Prabowo dan Tongkat yang Tak Pernah Digunakan

- Minggu, 14 Desember 2025 | 06:20 WIB
Prabowo dan Tongkat yang Tak Pernah Digunakan

Di sisi lain, pernyataan tadi juga mengaburkan satu hal penting: soal kuasa. Dalam demokrasi, presiden bukan nabi. Ia pemegang mandat rakyat, pengelola anggaran negara, penentu arah pembangunan. Ia bukan Musa, tapi ia punya pilihan untuk tidak menjadi seperti Firaun, Qarun, atau Haman tiga tokoh dalam Al-Qur’an yang melambangkan kesombongan, kerakusan, dan manipulasi kekuasaan.

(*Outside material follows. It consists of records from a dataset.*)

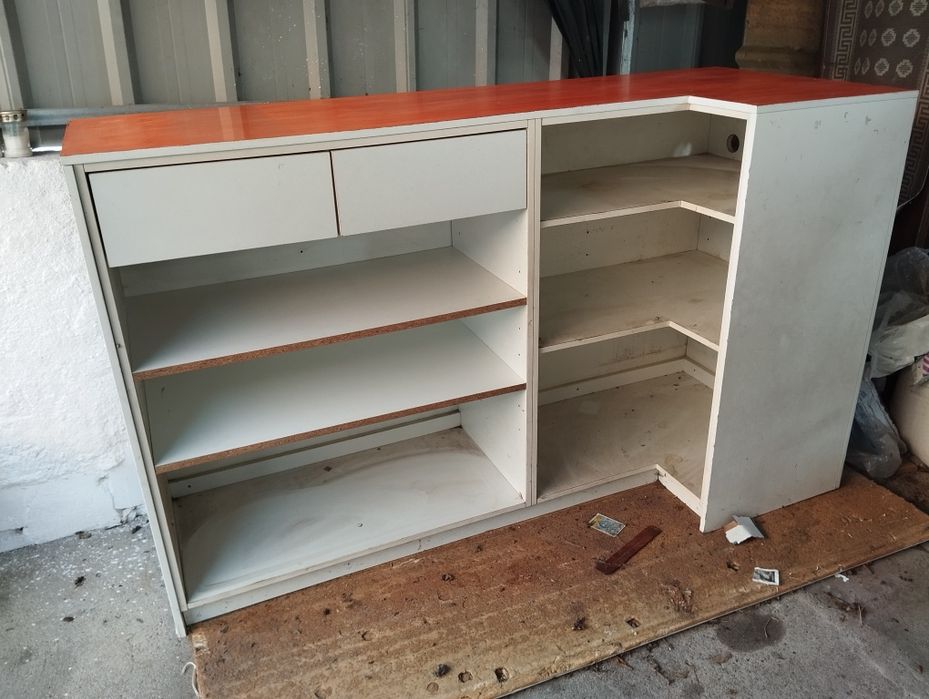 Balcão de loja e vitrine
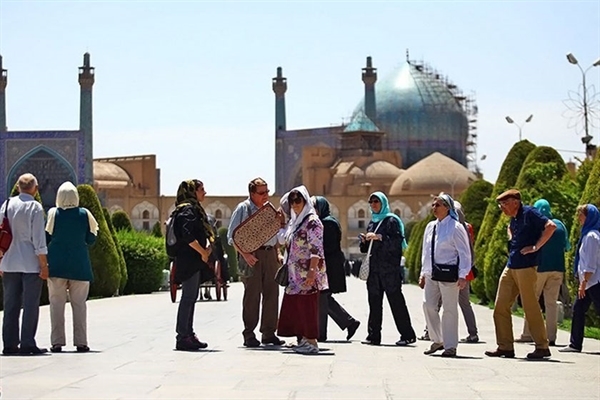 2_گردشگران خارجی.jpg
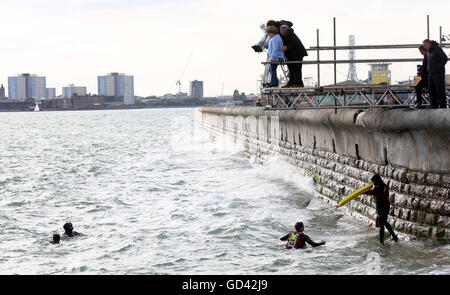 Portsmouth, Hampshire, Royaume-Uni. 12 juillet 2016. Stars de l'écran d'argent ont été repéré en Southsea aujourd'hui. Star hollywoodienne et auteur, Joan Collins et Pauline Collins, de Shirley Valentine la renommée, étaient dans le domaine du tournage de 'l'époque de leur vie', un style Thelma et Louise histoire de deux femmes qui ont de l'amitié, par un voyage inoubliable. Ils ont passé la majeure partie de la journée de tournage à l'hôtel Queen's salle de bal qui était en dehors des limites pour les clients pendant la durée. Credit : uknip/Alamy Live News Banque D'Images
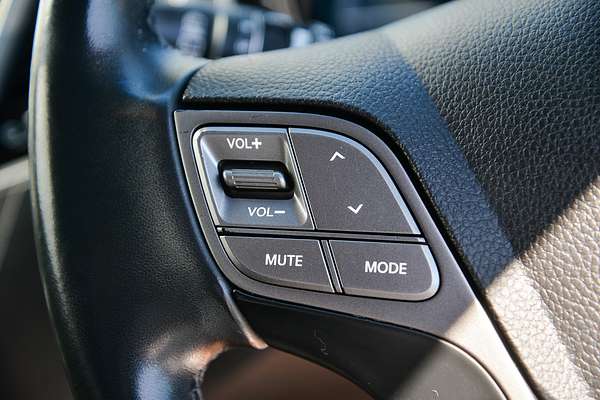 2017 Hyundai Santa Fe Active X DM3 Series II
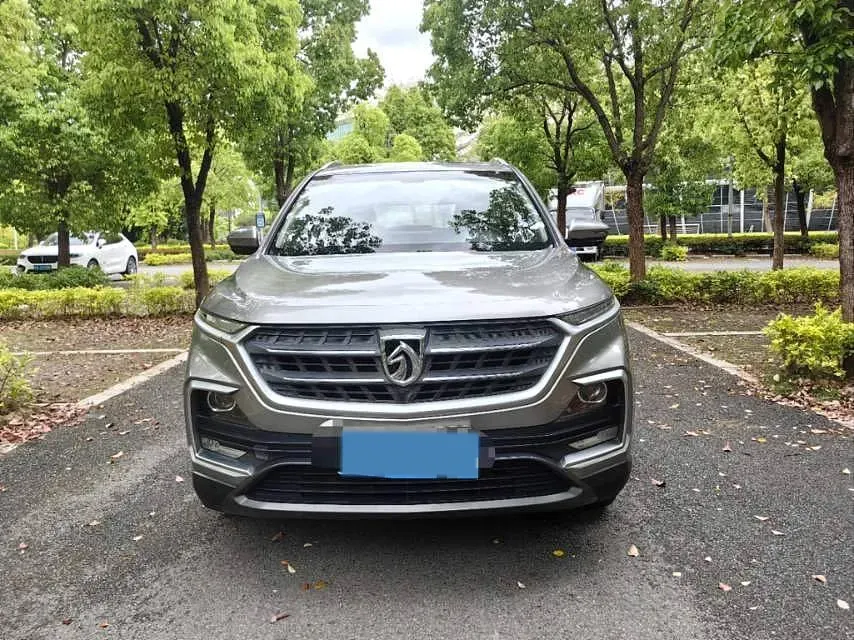 2019 BaoJun 530 1.5T 151HP L4 CVT,autocango,china used car exporter,china ev exporter,chinese used car exporter,chinese used ev exporter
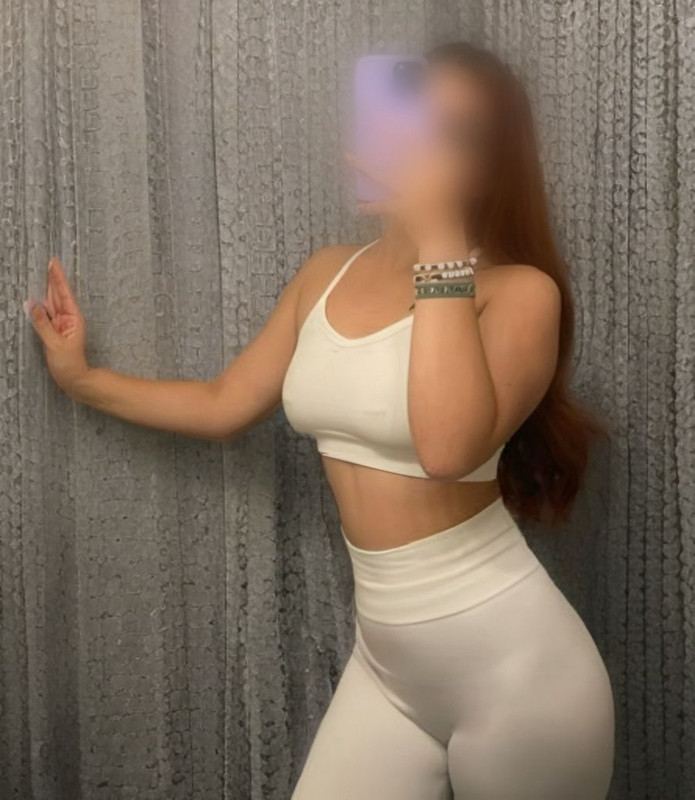 AMIGAS INDEPENDIENTES COMPARTIENDO NUEVO PISO 24H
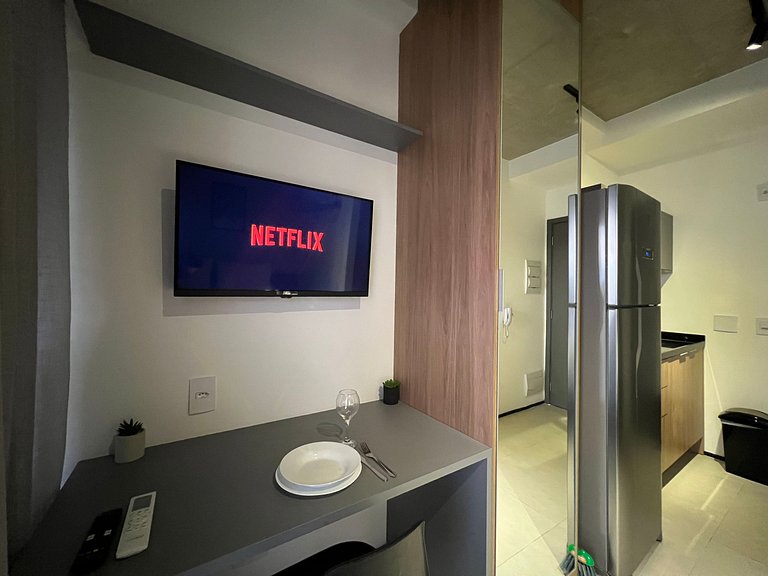 Belo Studio Metro Paraiso AC/WF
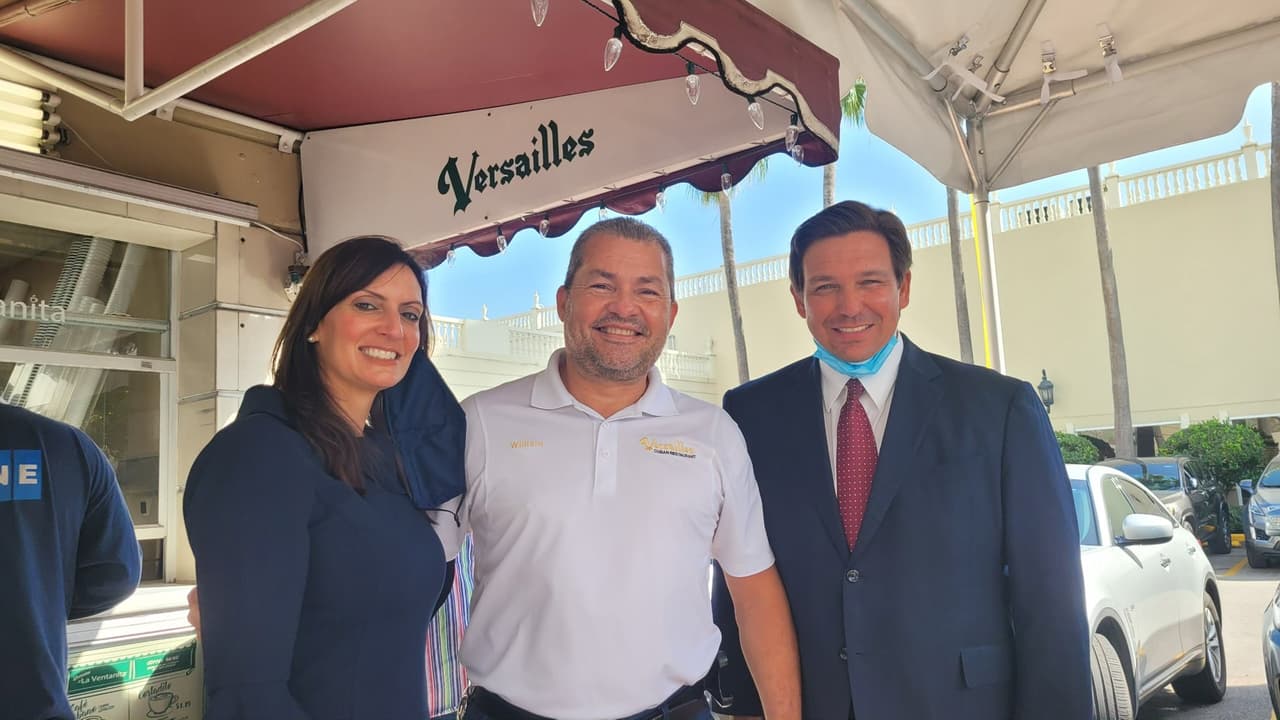 Las fotos que publicó en su Twitter el gobernador, molestó a muchos, quienes lo criticaron por no usar máscara.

Firaun menolak semua peringatan alam. Qarun sibuk menumpuk harta dan menertawakan nasihat. Haman membangun menara kekuasaan di atas tanah yang rapuh. Mereka binasa bukan karena kurang mukjizat, tapi karena menutup mata dari kebenaran yang sudah terang benderang.

Nah, kebenaran hari ini bernama data. Ia ada di laporan IPCC, di peta BNPB, dalam riset LIPI, bahkan dalam jeritan warga yang terdengar di tengah malam saat banjir datang. Mengabaikan semua itu, lalu berdalih “kami tak punya tongkat”, adalah bentuk pengingkaran. Baik secara moral maupun konstitusional.

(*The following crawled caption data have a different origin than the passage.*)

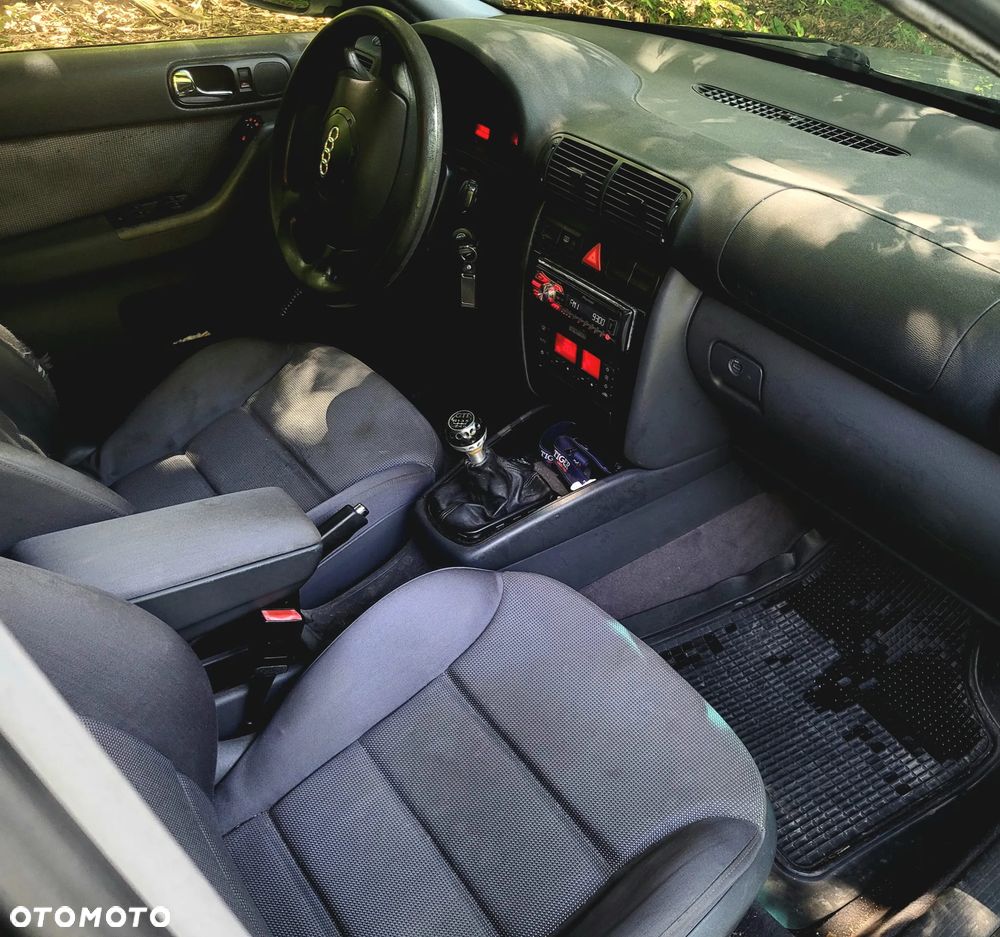 Audi A3 Sportback 1.6 Ambiente - 11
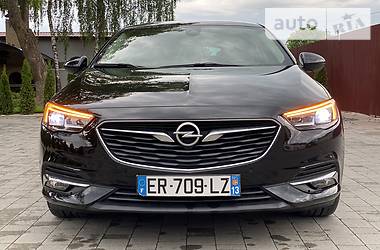 Седан Opel Insignia 2017 в 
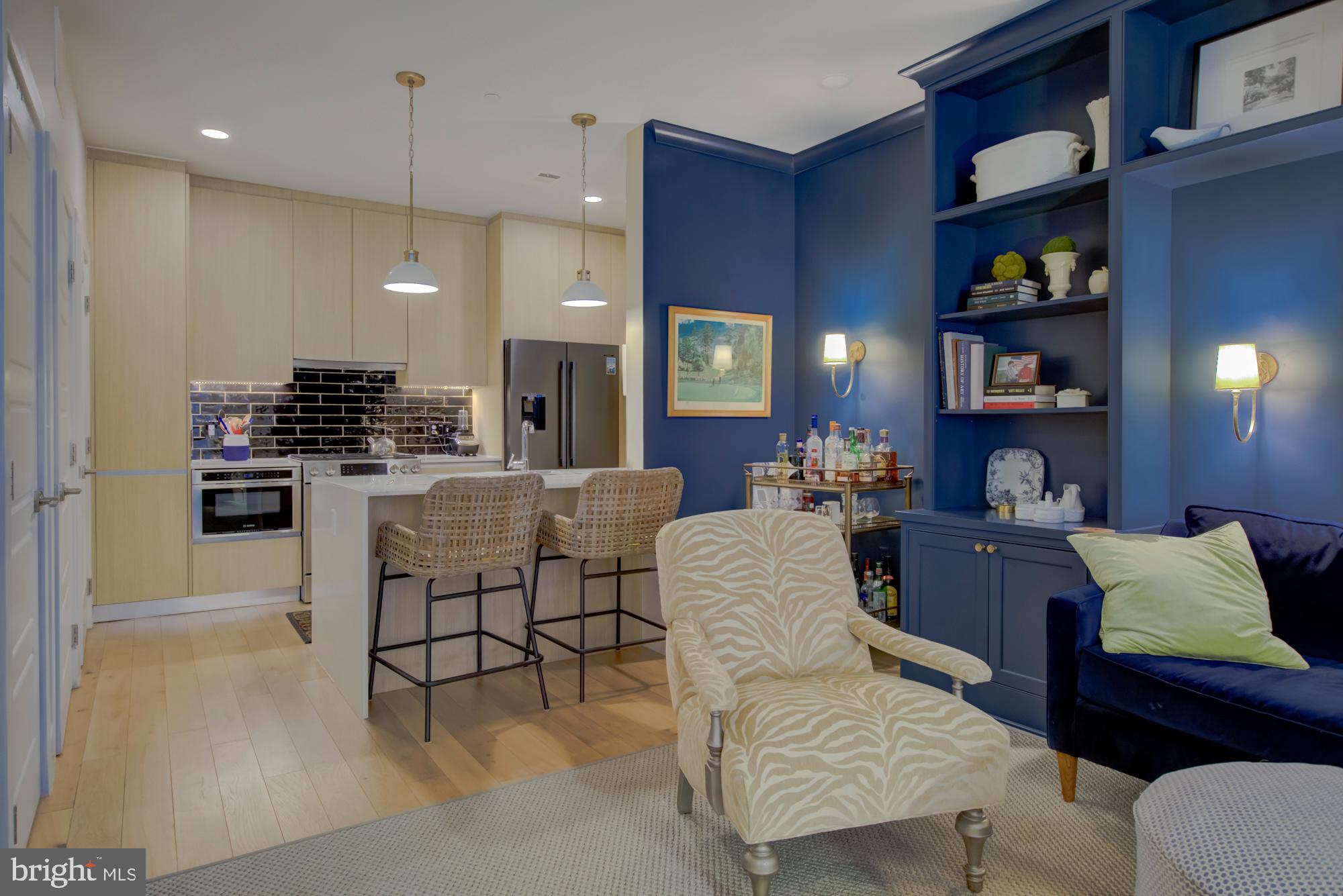 1309 E STREET SE 12
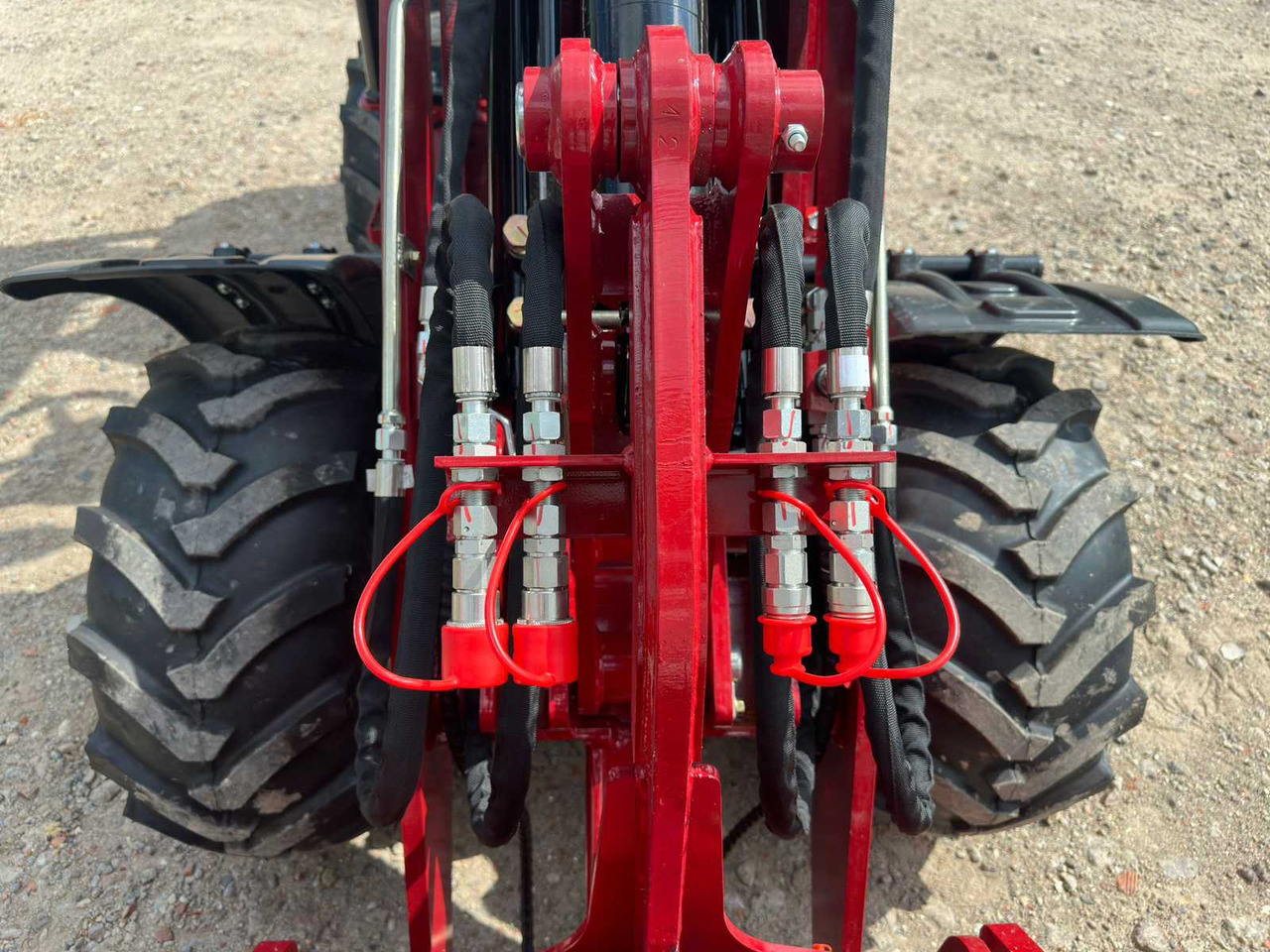 Chargeuse sur pneus Rhino-cross R906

Presiden memang tak dituntut jadi nabi. Tapi ia wajib menghargai ilmu pengetahuan. Ia tidak diminta membelah laut, cukup membuka jalan bagi kebijakan yang menyelamatkan rakyat dan menjaga bumi. Ia tak perlu menurunkan hujan dari langit, cukup pastikan hutan tak ditebang sembarangan. Ia juga tak harus mengusir banjir dengan mukjizat, cukup jangan memangkas anggaran untuk pencegahan seperti yang kerap terjadi, baik di level nasional maupun daerah.

Intinya, tongkat Musa itu cuma simbol. Sains adalah alat nyata. Dan di tangan pemimpin yang punya tanggung jawab, alat itulah yang akan menyelamatkan banyak jiwa.

Editorial ini lahir bukan dari kemarahan, tapi lebih pada rasa kecewa. Yang kita tunggu sebenarnya sederhana: instruksi tegas dan tindakan cepat untuk misi penyelamatan, didukung anggaran yang memadai. Soalnya, ini level bencana nasional, bukan sekadar musibah lokal.

Dan kalau sampai warga justru lebih sigap menolong sesamanya daripada negara bergerak, jangan heran bila kepercayaan pada negara itu luntur perlahan.